**What the exercise asks:**
Could you print all the entries below exactly as they appear, omitting the pictures?

**Excerpted records:**
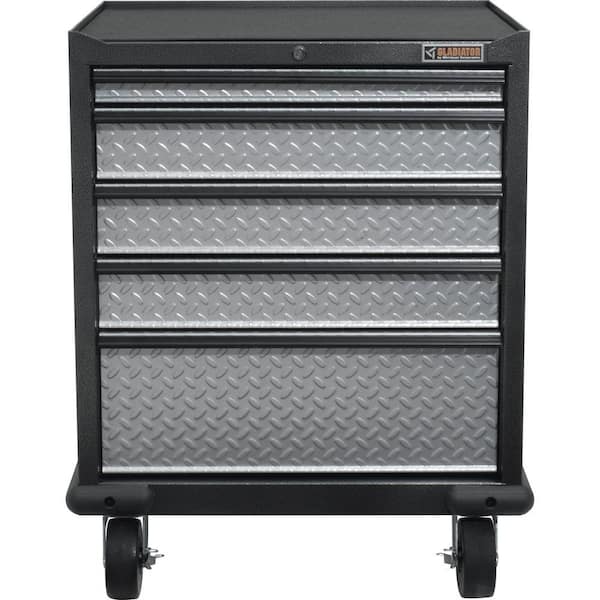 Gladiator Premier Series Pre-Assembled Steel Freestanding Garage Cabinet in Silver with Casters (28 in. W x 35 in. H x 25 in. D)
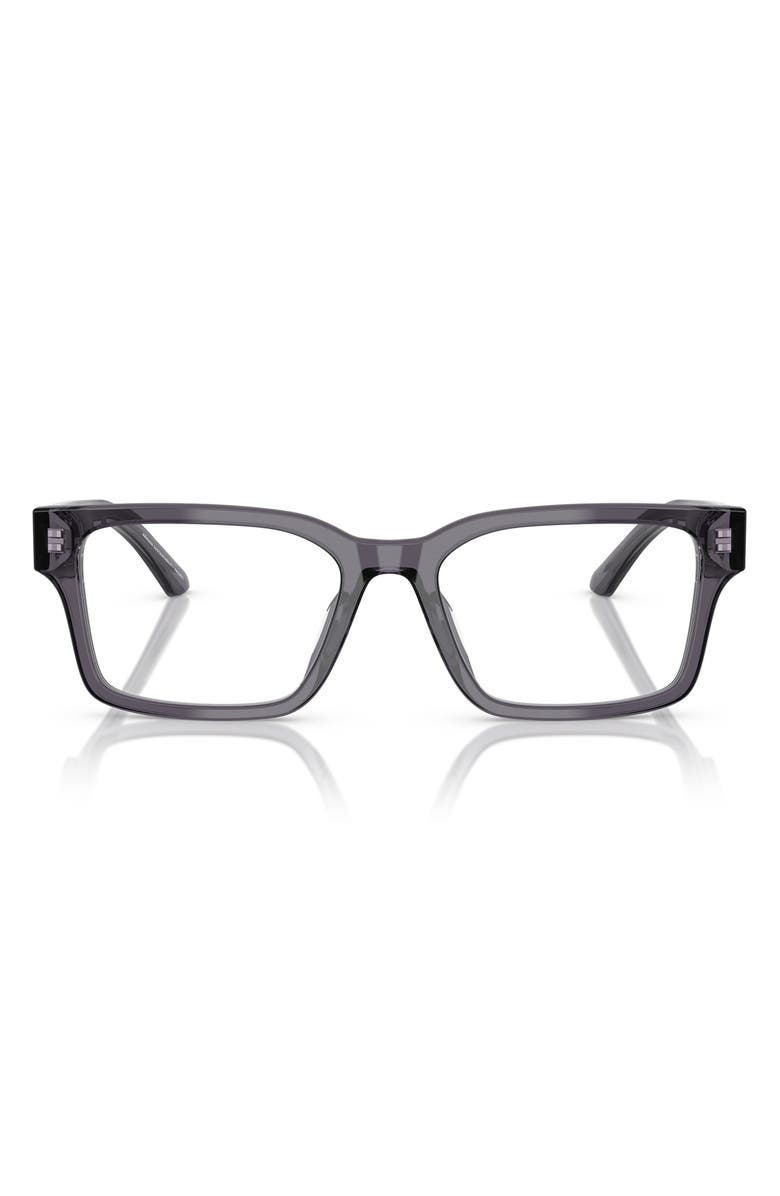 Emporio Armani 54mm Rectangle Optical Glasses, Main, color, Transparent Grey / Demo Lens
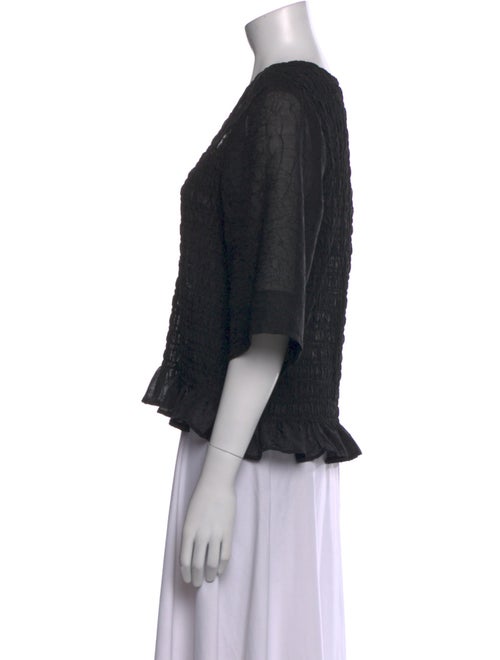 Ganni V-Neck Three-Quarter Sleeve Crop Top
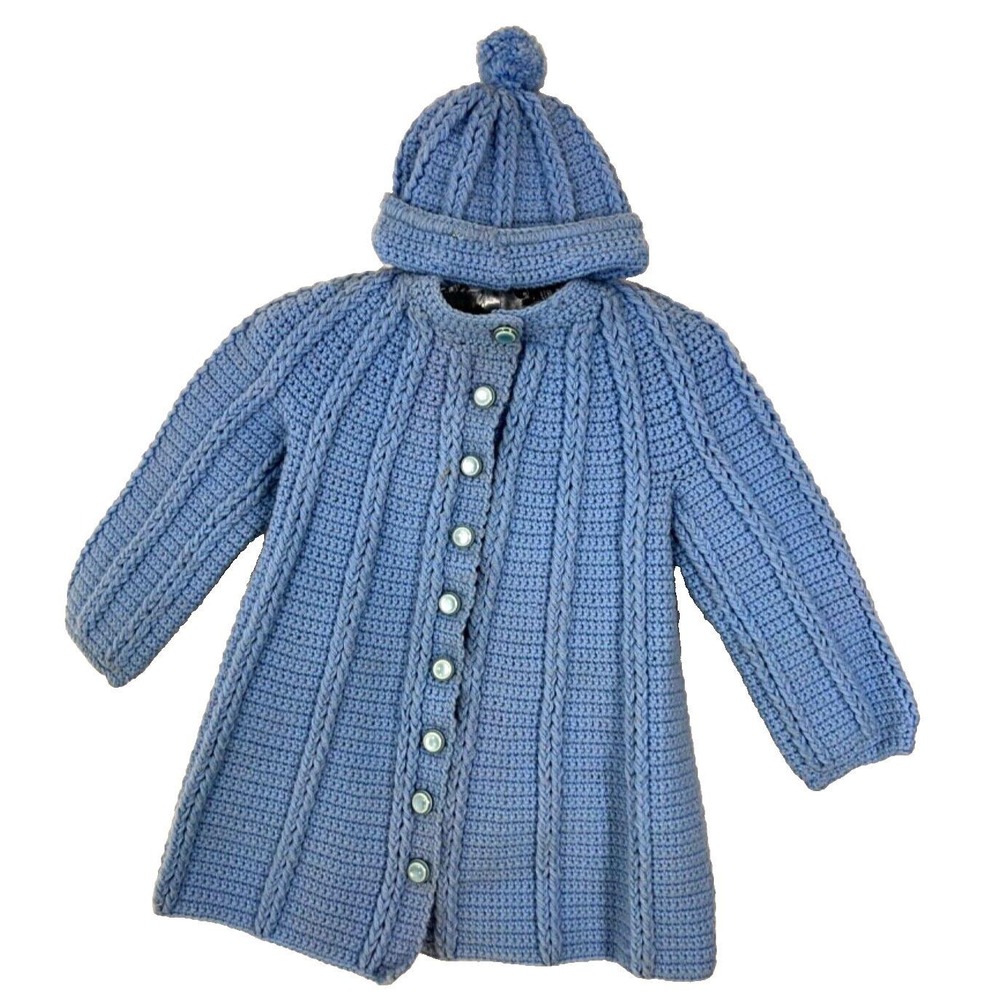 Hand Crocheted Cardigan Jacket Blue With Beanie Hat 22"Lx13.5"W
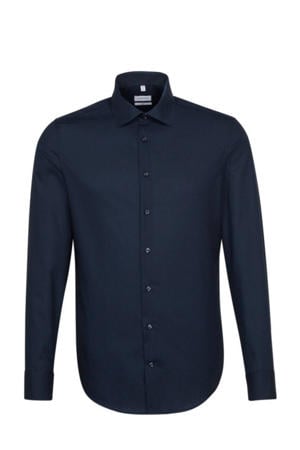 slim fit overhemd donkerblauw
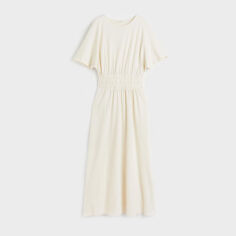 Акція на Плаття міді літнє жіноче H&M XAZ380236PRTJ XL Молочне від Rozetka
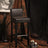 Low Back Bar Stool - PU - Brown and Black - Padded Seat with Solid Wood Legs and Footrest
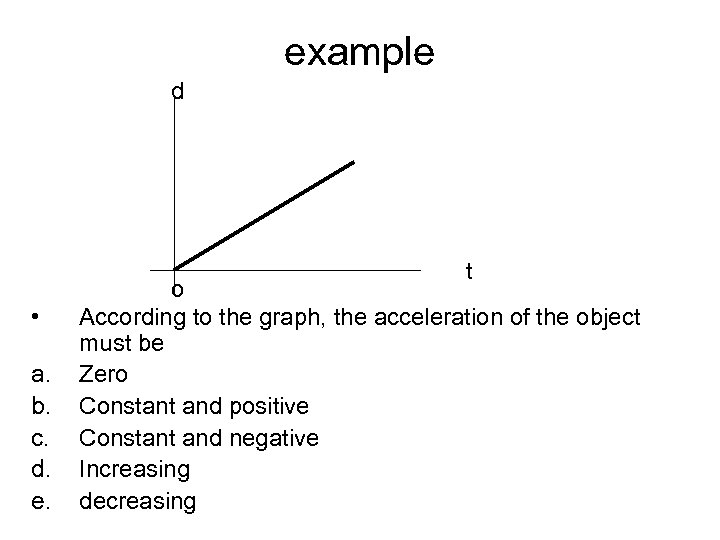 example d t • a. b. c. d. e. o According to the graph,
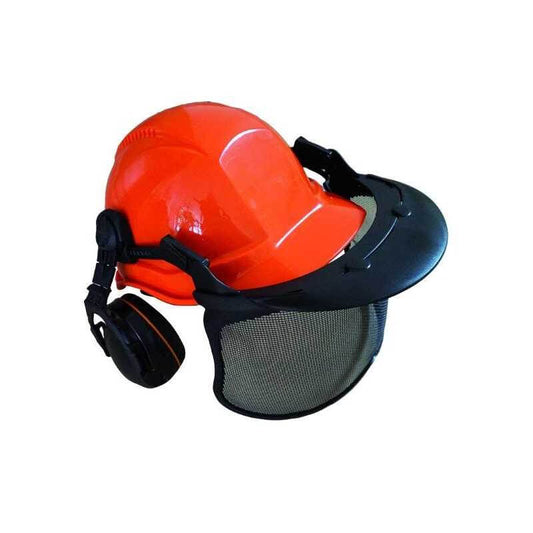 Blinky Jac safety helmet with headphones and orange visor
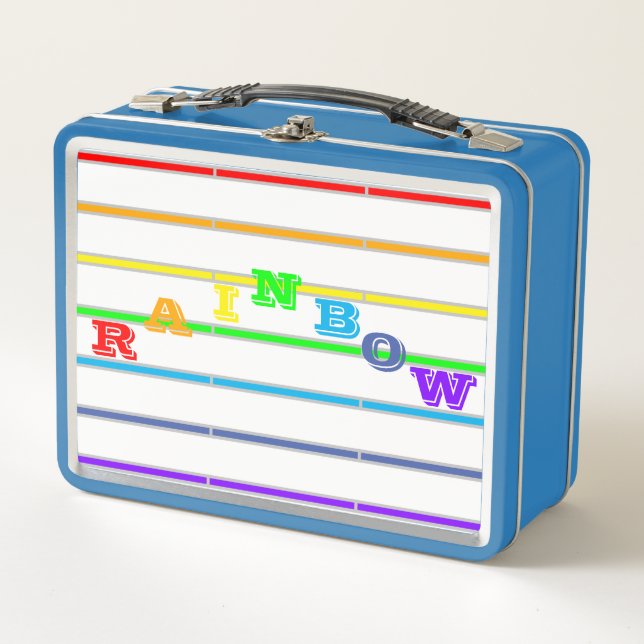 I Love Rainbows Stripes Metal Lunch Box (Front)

**Final answer:**
 Gladiator Premier Series Pre-Assembled Steel Freestanding Garage Cabinet in Silver with Casters (28 in. W x 35 in. H x 25 in. D)
 Emporio Armani 54mm Rectangle Optical Glasses, Main, color, Transparent Grey / Demo Lens
 Ganni V-Neck Three-Quarter Sleeve Crop Top
 Hand Crocheted Cardigan Jacket Blue With Beanie Hat 22"Lx13.5"W
 slim fit overhemd donkerblauw
 Акція на Плаття міді літнє жіноче H&M XAZ380236PRTJ XL Молочне від Rozetka
 Low Back Bar Stool - PU - Brown and Black - Padded Seat with Solid Wood Legs and Footrest
 example d t • a. b. c. d. e. o According to the graph,
 Blinky Jac safety helmet with headphones and orange visor
 I Love Rainbows Stripes Metal Lunch Box (Front)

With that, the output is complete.